Blood Enemies

(Critical Survey of Contemporary Fiction)

Cade, a dishonorably discharged British soldier with “special” skills, is a patriot who kills not for money but for his country. Emotionally scarred by an unjust jail sentence and by the brutal murder of his daughter, he is easily convinced of the righteousness of his acts; the four highly placed GCHQ employees whom he is assigned to kill have been selling sensitive information to the Soviets for years. Unknown to Cade, however, this is only the first layer of treachery. American intelligence officers are using one of the GCHQ moles for their own purposes, handing authentic British secrets along with American disinformation to the Soviets, believing that the truths give credence to the lies. The mole, a double agent code-named ORACLE, is scheduled to be Cade’s fourth kill. The Americans want ORACLE alive; the British have other ideas. As the clandestine wars get dirtier, everyone wants Cade dead.

Unwilling at first to kill ORACLE, Cade is promised, in return for the murder, the names of the two Irish National Liberation Army soldiers who kidnapped, tortured, raped, and murdered his six-year-old daughter in retaliation for his killing of four of their chums. So Cade finds his target, but guarding ORACLE is a remarkable soldier with special skills of his own. Their meeting is a catalyst for violence, and the result is not quite what either of the two intelligence establishments had planned.
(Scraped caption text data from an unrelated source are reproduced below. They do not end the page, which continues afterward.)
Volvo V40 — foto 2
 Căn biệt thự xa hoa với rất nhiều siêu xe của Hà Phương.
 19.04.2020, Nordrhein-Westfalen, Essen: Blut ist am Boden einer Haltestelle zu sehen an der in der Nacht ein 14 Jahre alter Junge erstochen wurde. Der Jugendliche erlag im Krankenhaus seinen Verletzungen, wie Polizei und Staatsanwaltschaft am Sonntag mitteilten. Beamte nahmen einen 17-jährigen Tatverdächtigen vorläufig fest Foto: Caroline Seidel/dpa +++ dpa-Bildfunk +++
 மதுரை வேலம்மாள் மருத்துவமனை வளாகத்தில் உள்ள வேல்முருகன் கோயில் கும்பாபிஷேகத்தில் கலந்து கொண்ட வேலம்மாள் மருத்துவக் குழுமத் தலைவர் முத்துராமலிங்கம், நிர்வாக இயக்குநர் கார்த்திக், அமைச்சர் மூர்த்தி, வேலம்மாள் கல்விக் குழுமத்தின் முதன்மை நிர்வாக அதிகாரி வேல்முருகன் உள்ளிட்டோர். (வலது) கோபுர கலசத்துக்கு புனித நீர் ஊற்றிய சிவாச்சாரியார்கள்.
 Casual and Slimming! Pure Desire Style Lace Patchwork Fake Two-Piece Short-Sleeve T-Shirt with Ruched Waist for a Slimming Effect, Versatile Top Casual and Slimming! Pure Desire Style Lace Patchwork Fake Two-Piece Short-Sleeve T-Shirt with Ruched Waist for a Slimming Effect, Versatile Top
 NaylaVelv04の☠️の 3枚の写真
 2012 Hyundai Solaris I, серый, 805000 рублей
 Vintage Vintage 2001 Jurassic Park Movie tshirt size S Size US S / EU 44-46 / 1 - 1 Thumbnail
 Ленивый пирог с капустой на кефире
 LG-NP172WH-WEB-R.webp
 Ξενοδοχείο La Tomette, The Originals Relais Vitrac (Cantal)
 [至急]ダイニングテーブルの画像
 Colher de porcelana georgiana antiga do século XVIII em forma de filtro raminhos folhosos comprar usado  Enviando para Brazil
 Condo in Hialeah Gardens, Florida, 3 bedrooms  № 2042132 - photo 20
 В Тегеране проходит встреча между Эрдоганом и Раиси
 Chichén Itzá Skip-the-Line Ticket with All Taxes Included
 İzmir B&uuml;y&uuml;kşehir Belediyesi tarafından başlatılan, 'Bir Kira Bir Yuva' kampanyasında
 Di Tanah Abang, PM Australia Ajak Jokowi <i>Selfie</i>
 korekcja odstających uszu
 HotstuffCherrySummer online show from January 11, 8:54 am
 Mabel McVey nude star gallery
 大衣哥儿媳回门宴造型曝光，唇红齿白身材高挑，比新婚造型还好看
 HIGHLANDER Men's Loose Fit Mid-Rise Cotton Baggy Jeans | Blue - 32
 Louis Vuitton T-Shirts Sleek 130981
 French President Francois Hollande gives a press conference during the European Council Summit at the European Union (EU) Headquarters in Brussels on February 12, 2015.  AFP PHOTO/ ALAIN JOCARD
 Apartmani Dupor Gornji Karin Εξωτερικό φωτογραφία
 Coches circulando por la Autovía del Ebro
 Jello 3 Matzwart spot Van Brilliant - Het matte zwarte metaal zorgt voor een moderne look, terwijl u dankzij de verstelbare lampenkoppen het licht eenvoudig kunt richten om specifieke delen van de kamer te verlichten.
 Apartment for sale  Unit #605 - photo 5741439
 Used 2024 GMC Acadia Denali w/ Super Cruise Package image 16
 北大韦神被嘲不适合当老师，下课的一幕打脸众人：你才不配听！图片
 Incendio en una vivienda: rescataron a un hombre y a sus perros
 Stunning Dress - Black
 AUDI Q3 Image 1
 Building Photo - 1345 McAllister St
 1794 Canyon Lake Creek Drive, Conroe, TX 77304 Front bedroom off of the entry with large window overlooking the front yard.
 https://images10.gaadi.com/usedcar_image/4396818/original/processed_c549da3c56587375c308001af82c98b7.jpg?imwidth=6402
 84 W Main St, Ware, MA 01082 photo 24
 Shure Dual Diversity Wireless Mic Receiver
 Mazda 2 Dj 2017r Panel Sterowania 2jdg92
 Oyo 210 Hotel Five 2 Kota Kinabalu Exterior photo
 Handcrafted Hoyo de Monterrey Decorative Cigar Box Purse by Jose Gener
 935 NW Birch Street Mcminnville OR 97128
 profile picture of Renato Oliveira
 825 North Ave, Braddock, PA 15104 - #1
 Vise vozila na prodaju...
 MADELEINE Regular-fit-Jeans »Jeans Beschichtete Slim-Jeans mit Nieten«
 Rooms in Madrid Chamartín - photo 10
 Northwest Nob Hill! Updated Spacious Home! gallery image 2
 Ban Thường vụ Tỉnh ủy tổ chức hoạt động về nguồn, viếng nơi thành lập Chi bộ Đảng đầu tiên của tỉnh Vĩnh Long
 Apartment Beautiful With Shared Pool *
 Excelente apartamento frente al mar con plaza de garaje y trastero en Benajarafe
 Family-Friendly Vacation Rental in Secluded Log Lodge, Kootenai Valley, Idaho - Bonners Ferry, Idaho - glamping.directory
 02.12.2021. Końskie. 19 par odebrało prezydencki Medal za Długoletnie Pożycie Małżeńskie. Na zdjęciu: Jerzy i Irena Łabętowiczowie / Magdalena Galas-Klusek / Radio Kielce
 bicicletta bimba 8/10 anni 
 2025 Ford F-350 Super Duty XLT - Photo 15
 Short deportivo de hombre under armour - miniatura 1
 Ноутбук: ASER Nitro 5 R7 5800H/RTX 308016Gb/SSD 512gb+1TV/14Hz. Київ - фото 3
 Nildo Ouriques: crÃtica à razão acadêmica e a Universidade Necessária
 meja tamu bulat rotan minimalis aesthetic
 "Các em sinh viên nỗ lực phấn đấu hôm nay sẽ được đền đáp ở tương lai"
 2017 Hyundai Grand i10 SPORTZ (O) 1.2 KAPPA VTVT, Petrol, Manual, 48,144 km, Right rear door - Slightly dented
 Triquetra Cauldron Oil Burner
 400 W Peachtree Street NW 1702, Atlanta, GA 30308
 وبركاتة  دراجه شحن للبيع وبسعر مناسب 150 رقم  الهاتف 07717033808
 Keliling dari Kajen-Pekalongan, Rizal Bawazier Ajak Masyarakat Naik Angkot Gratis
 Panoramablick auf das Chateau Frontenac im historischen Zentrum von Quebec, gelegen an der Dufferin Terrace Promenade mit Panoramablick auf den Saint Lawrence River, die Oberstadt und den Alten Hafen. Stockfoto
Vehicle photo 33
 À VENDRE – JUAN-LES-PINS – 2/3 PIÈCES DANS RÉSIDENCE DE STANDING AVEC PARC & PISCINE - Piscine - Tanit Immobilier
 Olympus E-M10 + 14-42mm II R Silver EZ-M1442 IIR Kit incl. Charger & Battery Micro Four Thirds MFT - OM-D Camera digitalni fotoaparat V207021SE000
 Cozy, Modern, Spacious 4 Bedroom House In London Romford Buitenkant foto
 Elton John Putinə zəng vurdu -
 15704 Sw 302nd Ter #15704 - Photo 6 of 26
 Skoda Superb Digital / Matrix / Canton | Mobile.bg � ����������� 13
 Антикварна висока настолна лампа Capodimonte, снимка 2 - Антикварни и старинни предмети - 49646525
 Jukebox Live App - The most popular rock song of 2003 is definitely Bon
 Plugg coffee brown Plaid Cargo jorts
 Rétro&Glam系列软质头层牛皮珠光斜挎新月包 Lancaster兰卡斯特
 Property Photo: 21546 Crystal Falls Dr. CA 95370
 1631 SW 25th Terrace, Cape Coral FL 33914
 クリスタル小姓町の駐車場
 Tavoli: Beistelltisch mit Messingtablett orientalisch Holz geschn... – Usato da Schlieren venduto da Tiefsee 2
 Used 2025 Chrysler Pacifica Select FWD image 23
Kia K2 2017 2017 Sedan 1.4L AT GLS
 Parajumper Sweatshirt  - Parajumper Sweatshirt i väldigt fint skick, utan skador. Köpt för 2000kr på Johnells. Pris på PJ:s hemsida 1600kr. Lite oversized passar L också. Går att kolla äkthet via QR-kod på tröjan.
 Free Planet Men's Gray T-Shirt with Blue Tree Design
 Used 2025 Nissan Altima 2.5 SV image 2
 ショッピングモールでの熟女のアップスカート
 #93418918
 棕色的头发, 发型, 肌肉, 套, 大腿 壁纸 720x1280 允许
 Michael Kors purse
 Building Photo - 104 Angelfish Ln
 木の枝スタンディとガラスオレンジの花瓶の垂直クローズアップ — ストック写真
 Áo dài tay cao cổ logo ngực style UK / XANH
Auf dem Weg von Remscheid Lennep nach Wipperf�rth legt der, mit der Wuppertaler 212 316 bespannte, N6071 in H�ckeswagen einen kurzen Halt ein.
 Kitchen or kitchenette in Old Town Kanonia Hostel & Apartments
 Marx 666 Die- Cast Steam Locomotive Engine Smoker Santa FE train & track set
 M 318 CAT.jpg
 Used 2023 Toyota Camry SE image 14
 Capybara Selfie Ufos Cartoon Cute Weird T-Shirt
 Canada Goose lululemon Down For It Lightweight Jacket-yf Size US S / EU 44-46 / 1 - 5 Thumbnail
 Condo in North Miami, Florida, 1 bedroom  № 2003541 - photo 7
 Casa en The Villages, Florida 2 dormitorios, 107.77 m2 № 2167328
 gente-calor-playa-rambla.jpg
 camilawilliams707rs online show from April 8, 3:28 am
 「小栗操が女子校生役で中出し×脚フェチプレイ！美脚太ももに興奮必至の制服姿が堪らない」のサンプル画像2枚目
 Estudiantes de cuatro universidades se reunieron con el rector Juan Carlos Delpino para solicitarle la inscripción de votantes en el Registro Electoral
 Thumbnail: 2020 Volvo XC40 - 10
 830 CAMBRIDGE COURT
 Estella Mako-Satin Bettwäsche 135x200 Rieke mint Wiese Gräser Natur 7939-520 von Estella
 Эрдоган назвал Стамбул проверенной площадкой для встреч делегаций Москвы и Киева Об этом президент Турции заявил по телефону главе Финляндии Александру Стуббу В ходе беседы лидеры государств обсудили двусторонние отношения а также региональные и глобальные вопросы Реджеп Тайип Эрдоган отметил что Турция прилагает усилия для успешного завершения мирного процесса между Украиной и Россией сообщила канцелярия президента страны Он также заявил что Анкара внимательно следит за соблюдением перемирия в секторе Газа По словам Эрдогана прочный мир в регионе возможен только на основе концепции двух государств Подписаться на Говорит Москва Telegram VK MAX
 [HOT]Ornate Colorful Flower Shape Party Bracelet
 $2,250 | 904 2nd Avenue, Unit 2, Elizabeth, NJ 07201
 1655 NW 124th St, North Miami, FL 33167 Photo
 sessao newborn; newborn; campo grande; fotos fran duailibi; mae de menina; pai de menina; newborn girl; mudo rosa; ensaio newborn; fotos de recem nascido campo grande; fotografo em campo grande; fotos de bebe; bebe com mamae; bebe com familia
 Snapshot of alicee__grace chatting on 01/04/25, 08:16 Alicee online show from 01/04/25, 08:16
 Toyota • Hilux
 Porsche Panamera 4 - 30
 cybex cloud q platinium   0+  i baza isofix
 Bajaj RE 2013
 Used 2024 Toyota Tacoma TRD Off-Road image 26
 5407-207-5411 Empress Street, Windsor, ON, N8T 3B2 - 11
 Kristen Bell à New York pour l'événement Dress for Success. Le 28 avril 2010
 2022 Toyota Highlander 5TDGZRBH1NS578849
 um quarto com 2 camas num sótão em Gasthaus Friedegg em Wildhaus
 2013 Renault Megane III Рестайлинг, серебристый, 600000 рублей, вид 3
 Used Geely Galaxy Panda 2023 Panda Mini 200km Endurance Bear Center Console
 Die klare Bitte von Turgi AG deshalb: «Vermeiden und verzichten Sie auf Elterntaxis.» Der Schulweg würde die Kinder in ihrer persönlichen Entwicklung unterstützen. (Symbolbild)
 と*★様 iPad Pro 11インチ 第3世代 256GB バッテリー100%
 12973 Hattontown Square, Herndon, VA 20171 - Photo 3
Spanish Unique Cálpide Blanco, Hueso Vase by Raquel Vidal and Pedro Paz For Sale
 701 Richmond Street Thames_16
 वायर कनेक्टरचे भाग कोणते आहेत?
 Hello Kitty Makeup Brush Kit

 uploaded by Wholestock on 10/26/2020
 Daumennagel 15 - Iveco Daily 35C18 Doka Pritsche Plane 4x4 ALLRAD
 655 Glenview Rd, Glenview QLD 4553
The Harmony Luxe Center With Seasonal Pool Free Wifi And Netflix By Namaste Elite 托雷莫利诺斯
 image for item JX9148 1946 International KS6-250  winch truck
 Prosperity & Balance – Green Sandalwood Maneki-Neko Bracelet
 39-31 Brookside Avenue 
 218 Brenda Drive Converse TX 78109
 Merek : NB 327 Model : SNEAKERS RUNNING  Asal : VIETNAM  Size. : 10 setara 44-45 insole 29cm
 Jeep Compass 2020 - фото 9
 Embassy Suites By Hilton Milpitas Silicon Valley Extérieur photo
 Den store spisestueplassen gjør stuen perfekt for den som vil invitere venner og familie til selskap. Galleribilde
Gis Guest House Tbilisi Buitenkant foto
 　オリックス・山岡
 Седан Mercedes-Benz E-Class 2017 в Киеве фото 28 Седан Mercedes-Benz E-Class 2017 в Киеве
Wright uses authentic settings, intelligence agency intricacies, and police procedures to advance his plot, lending a note of solid realism. His true strength, however, is characterization. Cade, a far cry from the stereotypical hit man, is believable from beginning to end. Even the secondary characters have depth, and the plot is good enough to keep the pages turning fast. Wright, who is British, has written three previous novels; this is his second to be published in the United States.